Uma banda equivocada de influenciadores do estilo de vida trata de dar corda à ideia, que muita gente abraça, mas uma parte depois desaprova. “Vi um atleta divulgando e senti vontade de testar, só que os efeitos não compensam”, conta J.C., que preferiu não se identificar. Depois de sintomas adversos, como enxaquecas que o paralisavam, resolveu largar a droga. Da academia à farra momesca, que segue mesmo com o término oficial da festa, foi um pulo quase natural.
A reportagem de VEJA esteve em blocos do Rio de Janeiro e presenciou a proliferação de tadala, vendida por unidade — 20 reais o comprimido de 20 miligramas (a mais fraca é de 5 miligramas), mais ou menos cinco vezes o preço da farmácia. “Está vendendo mais do que cigarro”, celebrava um ambulante, que evidentemente não pedia à clientela a receita médica exigida por lei. O público-alvo aí gira em torno de 18, 20 anos, grupo demográfico no ápice da produção de testosterona, o principal hormônio sexual masculino. O objetivo é elevar o entusiasmo. “Vou sobreviver neste Carnaval à base de álcool, glitter e tadalafila”, contou um jovem, que faz um uso que preocupa os especialistas, sobretudo em momentos como o Carnaval. “É preciso tomar cuidado. Não há estudos sobre a interação do remédio com outras drogas e sua mistura com álcool ainda aumenta as chances do sexo sem camisinha”, alerta o presidente da Sociedade Brasileira de Urologia, Luiz Otavio Torres.

O foco excessivo no desempenho sexual e o temor de não ter uma ereção na hora H é o que faz com que recorram à tadala, mesmo sem qualquer sinal de impotência. “Eles não estão preocupados tanto com o prazer e a troca, mas em aparecer para o outro. Vivemos a era das drogas de força, disposição e desempenho”, afirma o antropólogo Bernardo Conde. Aos 19 anos, Henri Ricardo diz, dando voz à crescente fatia desses adeptos: “Gosto de usar para dar uma potência, especialmente em histórias que duram uma madrugada só”, assume. Pois o uso do remédio sem acompanhamento médico pode tornar o indivíduo psicologicamente dependente dele para manter relações sexuais. A própria bula esclarece outros de seus possíveis efeitos colaterais — dor de cabeça, tontura, indisposição gástrica, dor muscular, náusea, fadiga e, em situações extremas, até eventos cardiovasculares graves. “É um medicamento como qualquer outro, com seus benefícios e efeitos colaterais. Sem orientação profissional, é totalmente desaconselhado”, reforça José Ricardo Amadio, do Conselho Federal de Farmácia.
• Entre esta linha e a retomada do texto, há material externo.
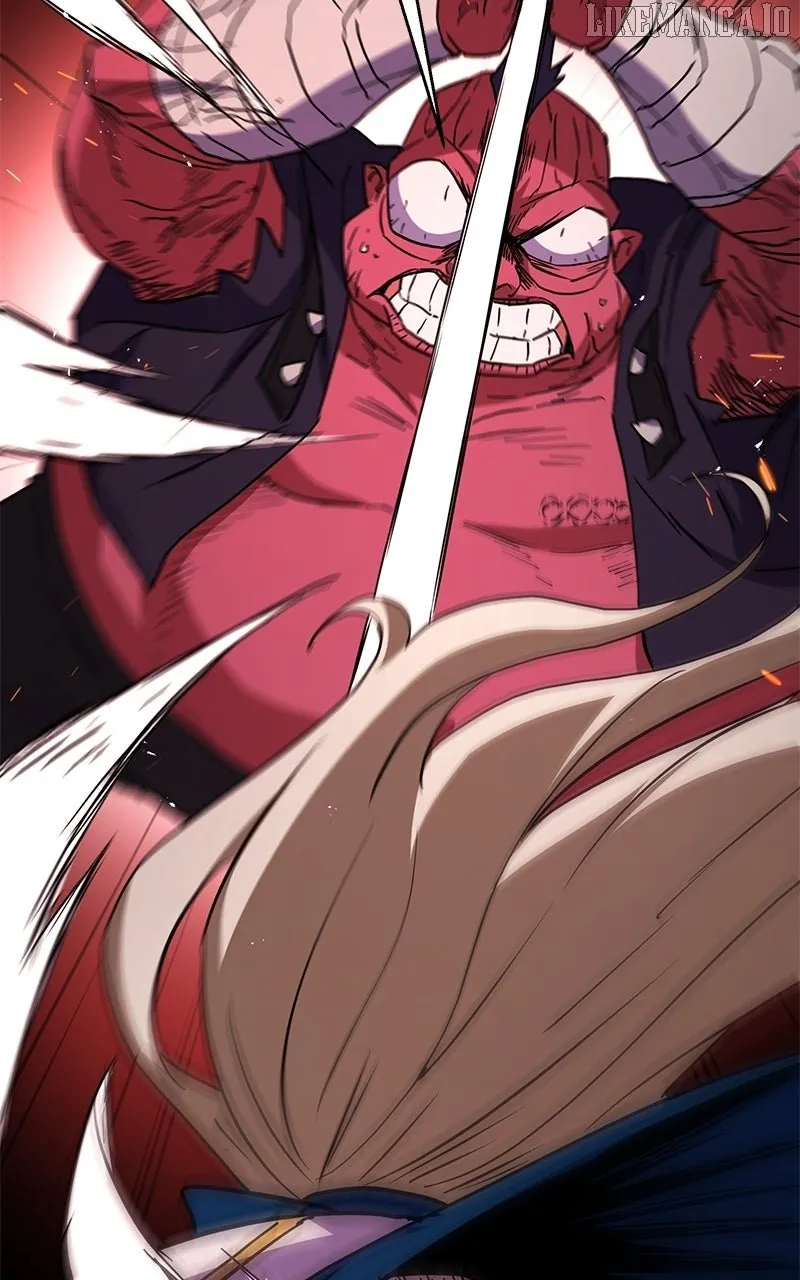 Read Surviving in an Action chapter 130 image 11 on Lezhin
Nas academias ou na folia de rua, a moda tadala expõe uma contradição da juventude. Enaltecida por sua capacidade de exercer a liberdade, romper tabus e levar uma existência em que saúde mental é um valor inegociável, ela se revela ao mesmo tempo enredada na busca por elevados padrões de performance — seja em relação ao corpo, seja na vida sexual. As redes, às quais está firmemente ligada, acabam por estimular uma cobrança por perfeição e a fuga às frustrações. “O jovem anda hoje inseguro”, avalia a psicanalista Junia de Vilhena, à frente do Laboratório Interdisciplinar de Pesquisa e Intervenção Social da PUC-Rio. Embalada por todos esses ingredientes, a onda tadala, ao que tudo indica, está longe de se encerrar na Quarta-Feira de Cinzas.